INITIATIVE. Le rapport remis au Premier ministre sur la réforme de l'accompagnement du Revenu de solidarité active préconise une vision globale entre bénéficiaires, employeurs et Pôle emploi.
C'est l'un des axes prioritaires du plan pauvreté : la réforme du Revenu de solidarité active (RSA) que le gouvernement veut désormais plus efficace. Claire Pitollat, députée des Bouches-du-Rhône (13), et Mathieu Klein, président du conseil départemental de Meurthe-et-Moselle (54), ont planché l'été dernier sur ce dossier épineux. Leur mission: identifier les dispositifs actuellement en place sur les territoires qui font déjà leurs preuves.

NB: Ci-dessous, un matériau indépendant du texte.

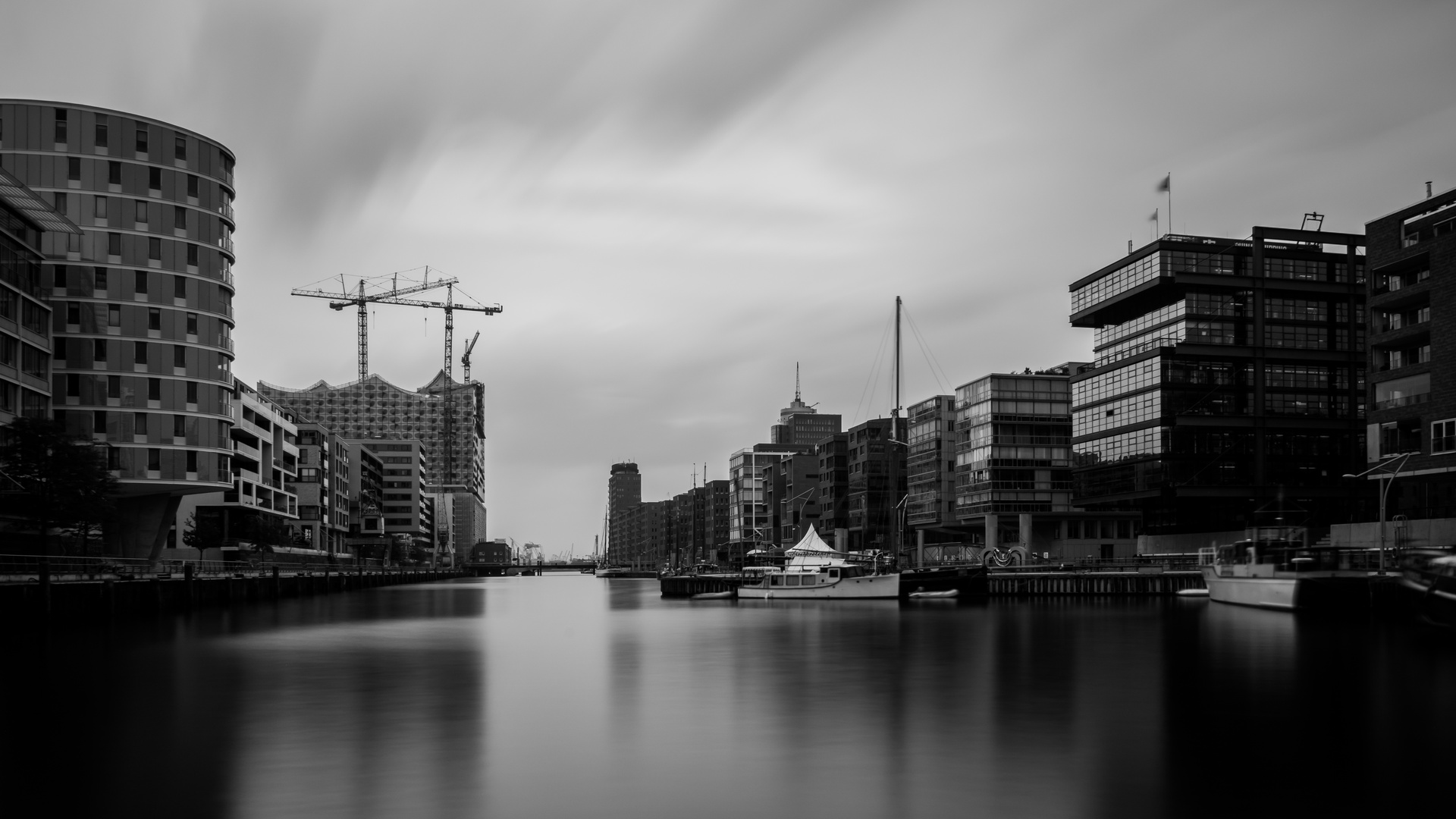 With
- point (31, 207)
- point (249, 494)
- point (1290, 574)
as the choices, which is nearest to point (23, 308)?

Leurs préconisations après un mois d'investigation? Réformer en profondeur l'accompagnement pour réussir l'insertion sociale et professionnelle des bénéficiaires du RSA.
Dans la lettre de mission que le Premier ministre, Édouard Philippe, leur a adressée, il dresse un constat alarmant sur le système du RSA. « D'un côté les départements contraints se retrouvent étranglés - car l'insertion relève de leurs compétences ; de l'autre des bénéficiaires qui ne bénéficient d'au-cun accompagnement et qui s'enlisent petit à petit », constate Frédéric Bierry, président du conseil départemental du Bas-Rhin (67). Parmi les chiffres énoncés : 40 % des bénéficiaires ne sont pas orientés vers un accompagnement six mois après une demande de RSA; 13 % sont encore totalement livrés à euxmêmes au bout de deux ans; et, parmi les bénéficiaires orientés, un sur deux n'a aucun contrat d'engagement et donc pas de logique de droits et devoirs engagée.
« La vérité, c'est que notre modèle social a échoué à insérer les plus fragiles et qu'il y a de plus en plus de pauvres. Aujourd'hui, 5 millions de personnes vivent dans notre pays avec moins de 900€ par mois », déplore Mathieu Klein. « Pourtant, chaque année ce sont près de 300000 postes qui ne sont pas pourvus », riposte Frédéric Bierry. Une aberration! Une fatalité? Pas pour tous les départements. En effet, quelques dispositifs mis en place par certains d'entre eux fonctionnent. Et c'est justement ces « bonnes pratiques » en matière d'accompagnement des bénéficiaires du RSA que Claire Pitollat et Nicolas Klein ont pu recenser à travers la Seine-Saint-Denis (93), le Nord (59), la Gironde (33), la Meurthe-et-Moselle et les Alpes-de Haute-Provence (04) lors de leurs multiples échanges avec les associations, les agences d'insertion, les institutions et les demandeurs d'emploi.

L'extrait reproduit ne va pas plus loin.